それまで続いてきたものが一度リセットされ、新しいドラマがはじまる。というと響きはカッコいいし、新鮮さが加わるのは良いのかもしれないが、その一方で、オールドな感じだから良かったものとか、文化とか思い出がみたいなのが振り返れなくなってしまう残念さみたいなのがある。


お店自体のリニューアルのように、純喫茶という文化も少しずつぼくたちの街から消えつつあるのかもしれない。まさに、このエッセイのタイトルのように、純喫茶という文化が溶けてなくなってしまう前に、そこで感じたこととか思い出とか、考えてたこととか後世につなげていかねば。勝手にそんな使命感を背負っている。

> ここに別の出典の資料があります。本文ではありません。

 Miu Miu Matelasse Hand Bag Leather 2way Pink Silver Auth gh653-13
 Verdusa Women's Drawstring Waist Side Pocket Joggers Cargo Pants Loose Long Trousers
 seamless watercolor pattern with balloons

「今月(2023年8月)で閉店して、新しいビルに移転するみたいです」

別の純喫茶で友人とおしゃべりをしていると、今回の舞台である純喫茶の話題があがる。まさに、今行かないと、その純喫茶がまとっている文化や雰囲気を味わえないかもしれない。会話を交わしてすぐに、足を運んだのは言うまでもない。


珈琲西武。
デパートの西武が一瞬頭をよぎったが、茶色のビルに青の看板。カーテンウォールのガラス越しから、レトロな照明や店内の雰囲気が伝わってくる。

珈琲西武(本店)のビルも雰囲気があって、コーヒーとかココアにピッタリの色。


中に入ると、お馴染みのUCC COFFEEのロゴに負けない、らしさたっぷりの「COFFEE 西武」の字体と、花瓶やシャンデリアたちがあしらわれたデザイン。まるで、宮殿のティータイム会場を彷彿とさせる。

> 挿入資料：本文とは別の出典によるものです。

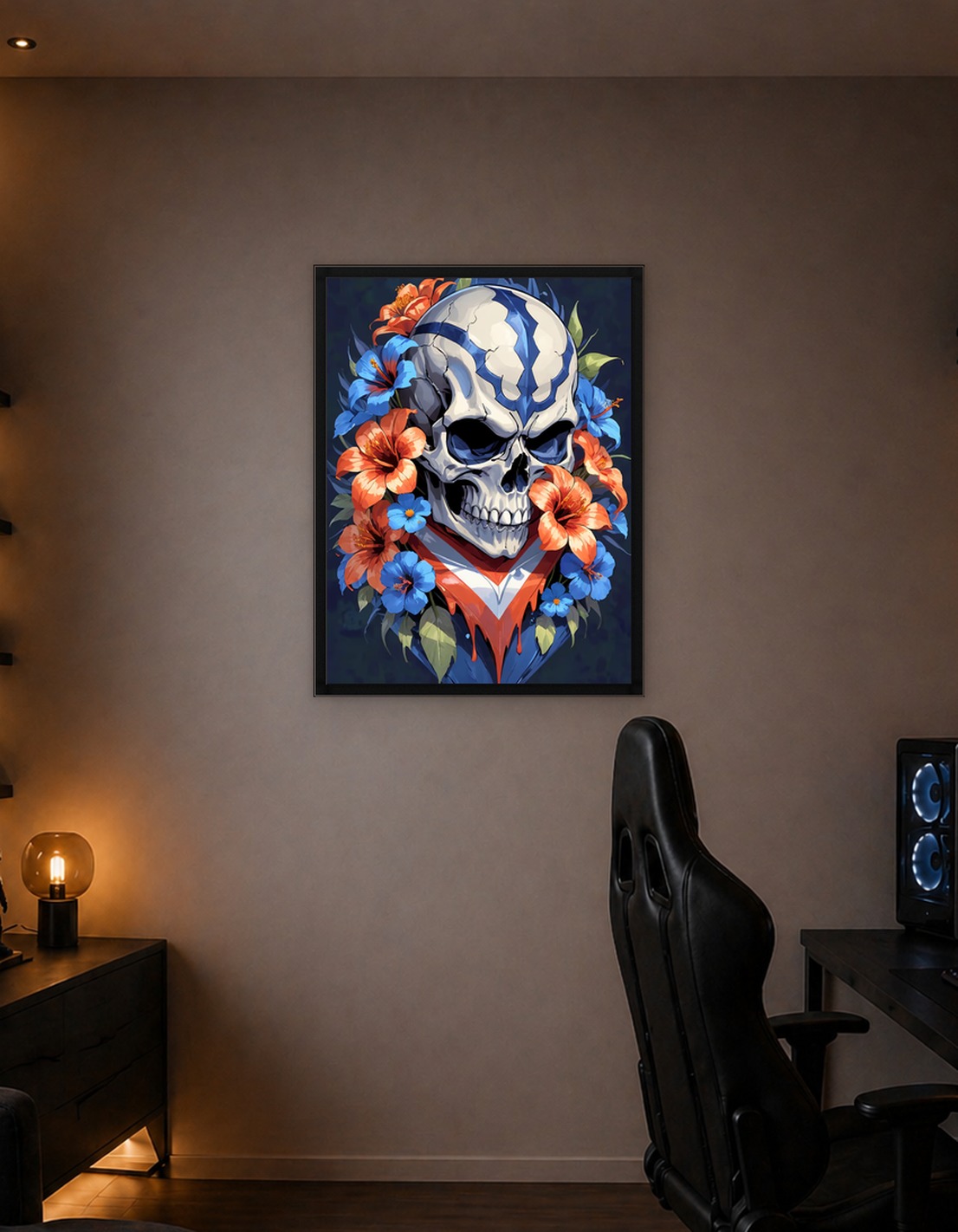 Skull with Flowers and Patriotic Design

自分と同じように、閉店の知らせを聞いてお店を訪れた人が何人も並んでいたこともあり、自分の順番になり店内に入れた時、ホッとしたと同時に、珈琲西武が人を惹きつけるお店だと納得してしまった。

ステンドグラス、ランプ、壁画、床。
西洋の文化が凝縮された内装、リッチな気分にさせてくれる。

ランプの古い感じ、まるで教科書で見た文明開花のようで。


事前情報なし、何がおすすめかも分からずに来たこともあり、
周りの人を見てアイスコーヒーとパフェをオーダーする。

メニューを表を見たとき、この値段には、このお店にずっといる権利、喫茶店の歴史みたいなのが乗っかっているのだ。と、自分を納得させた。


「遅くなってごめんなさい、アイスコーヒーです」

アイスコーヒーの入場。カメラのファインダー越しに、アイスコーヒー・ソファ、ステンドグラス、ランプ、植栽。アイスコーヒーがアイスコーヒー以上の存在感、お値段以上の雰囲気をまとっていた。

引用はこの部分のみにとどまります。